Bisweilen konnten regelrechte Kampagnen beobachtet werden; Heimerziehung wurde verteufelt, die Jugendämter beschuldigt, weil sie pädagogisch verantwortungslos viel zu wenige Heimkinder in Pflegefamilien vermittelt hätten. Zwar melden sich viel mehr Bewerber*innen bei den Jugendämtern als Pflegeverhältnisse vereinbart werden, hierbei gilt es jedoch, die Erfahrung der Pflegevermittlungen in den Jugendämtern zu beachten. Von 100 Anfragen nach Pflegekindern bleiben durchschnittlich nur zwei bis drei Eltern übrig, denen ein Pflegekind verantwortungsvoll vermittelt werden kann. Bei den anderen waren die Anfrage und die zugrundeliegende Motivation oft nur von kurzer Dauer – bisweilen aus spontanen sentimentalen Anlässen heraus geschehen – in anderen Fällen war die Motivation der Pflegeelternbewerber*innen oder deren häusliche Situation völlig ungeeignet, um dem Wohl von Pflegekindern zu entsprechen.
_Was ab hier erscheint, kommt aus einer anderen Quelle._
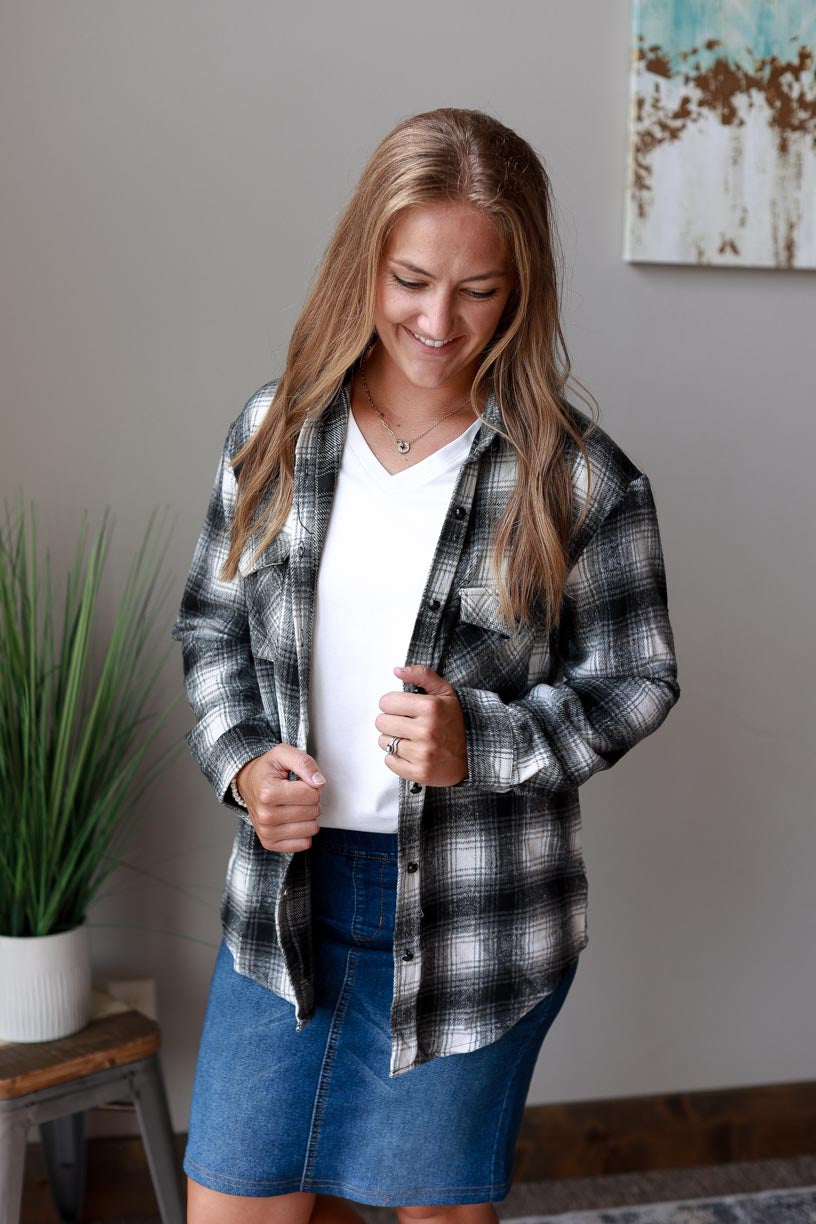 This classic flannel top is perfect for any season. The black, white, and grey color scheme will complement any outfit, while the cozy flannel fabric helps keep you warm. at Classy Closet Online Women's Boutique Near Me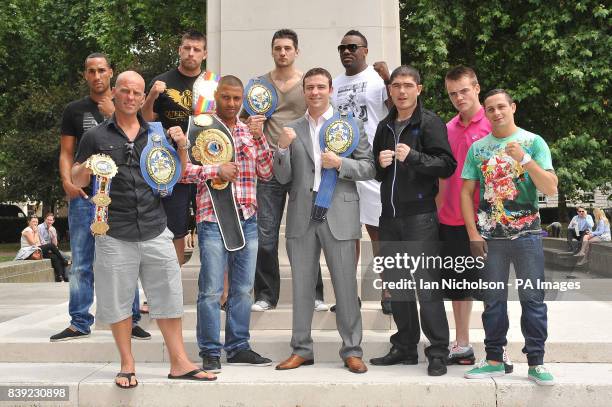 Boxers pose following a London news conference promoting a night of world championship boxing labelled The Magnificent Seven. From left: James...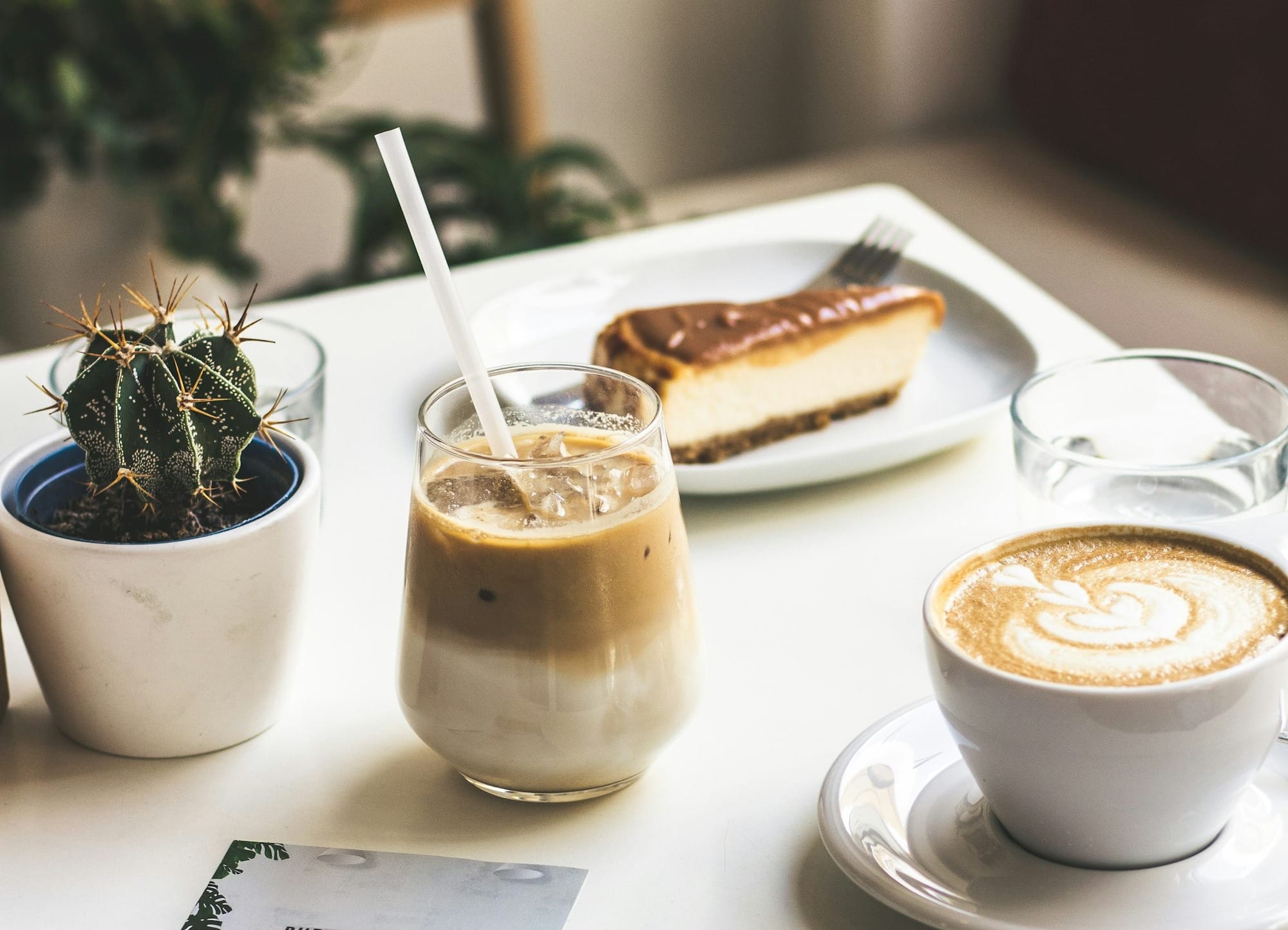 a table topped with a cup of coffee and a plate of food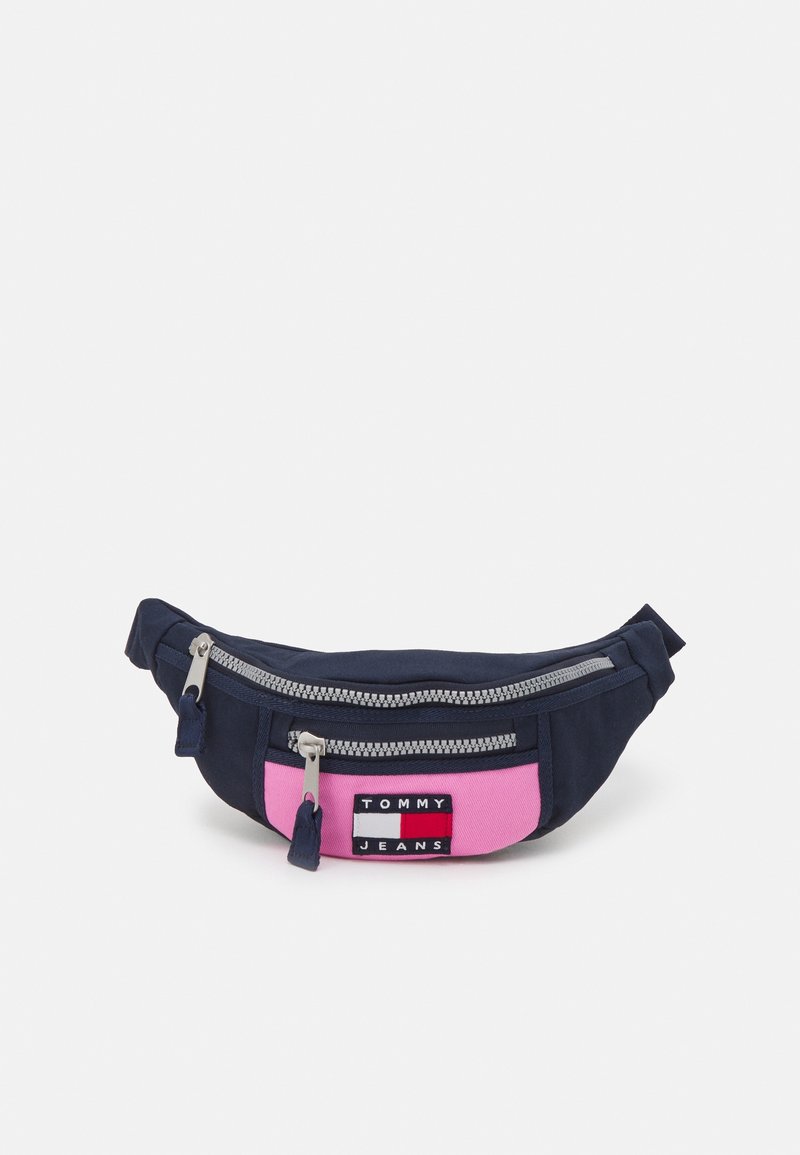 Marsupio in tessuto blu navy con pannello frontale rosa e zip argentata, caratterizzato da una toppa rettangolare con il testo "TOMMY JEANS".
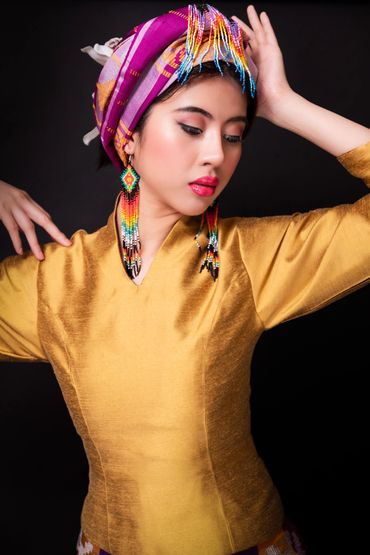 A woman in a golden outfit with colorful beaded earrings and a purple head wrap poses gracefully.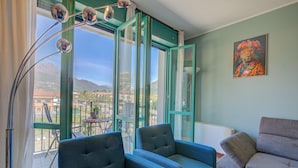 A room with two blue armchairs, a grey sofa, a large window with a view of mountains, and a painting of a leopard.
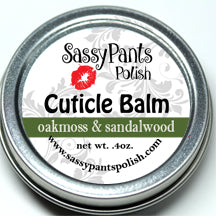 A cuticle balm labeled as Oakmoss & Sandalwood in a small silver metal tin.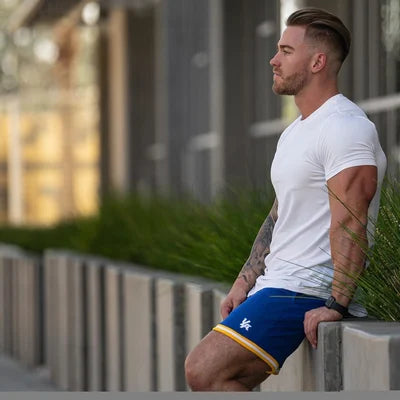 The sleek silhouette of a men's longline deep cut t-shirt.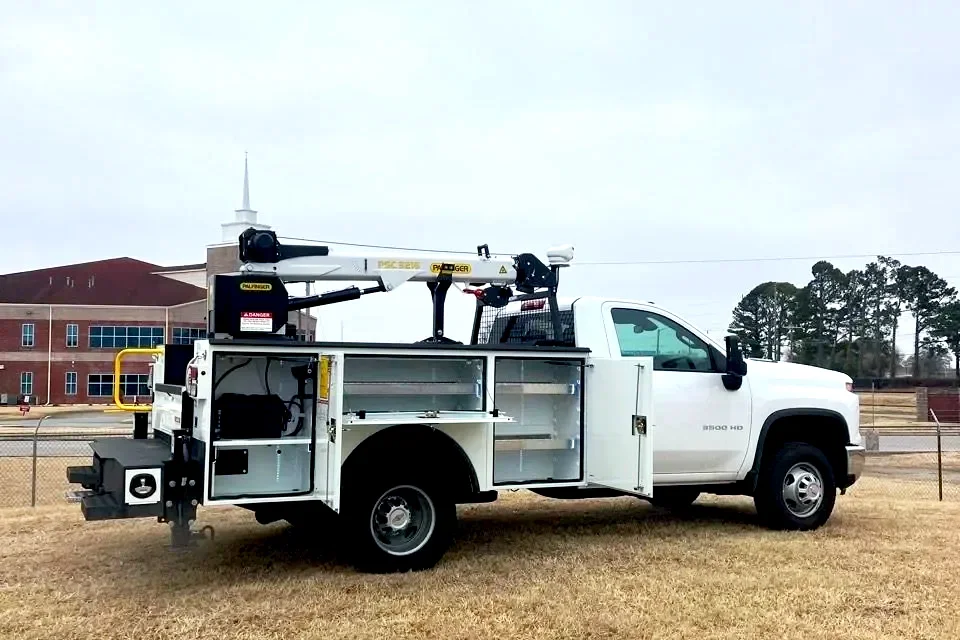 White utility truck with equipment storage and a crane on top, parked on a grassy field with a school building and trees in the background.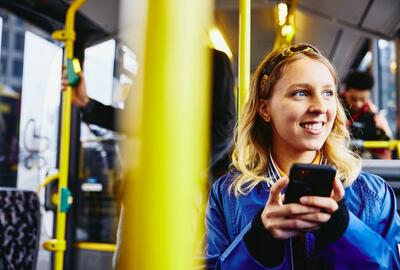 Lächelnde Frau mit Mobiltelefon im Bus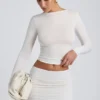 Top a maniche lunghe con ruches in modal Alia, colore bianco Top a maniche lunghe con ruches in modal Alia, colore bianco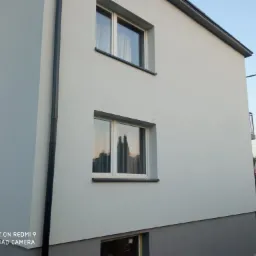 Świeżo otynkowana elewacja domu jednorodzinnego w odcieniach szarości, z widocznymi dwoma oknami i rynną, uchwycona pod kątem z poziomu gruntu.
Erfahrungsgemäß ist es auch äußerst schwierig, Kinder, die älter als sechs Jahre alt sind, in Pflegefamilien zu vermitteln, weil diese in der Regel jüngere bevorzugen. Noch schwieriger wird diese Situation, wenn es sich um Kinder mit Verhaltensauffälligkeiten handelt. Es ist auch richtig, dass es mehr Adoptivbewerber*innen als adoptivfähige Kinder gibt; doch bei vielen Heimkindern sind die rechtlichen Voraussetzungen zur Adoption nicht gegeben, und viele sind wiederum zu alt, um dem Wunschalter von zukünftigen Adoptiveltern zu entsprechen.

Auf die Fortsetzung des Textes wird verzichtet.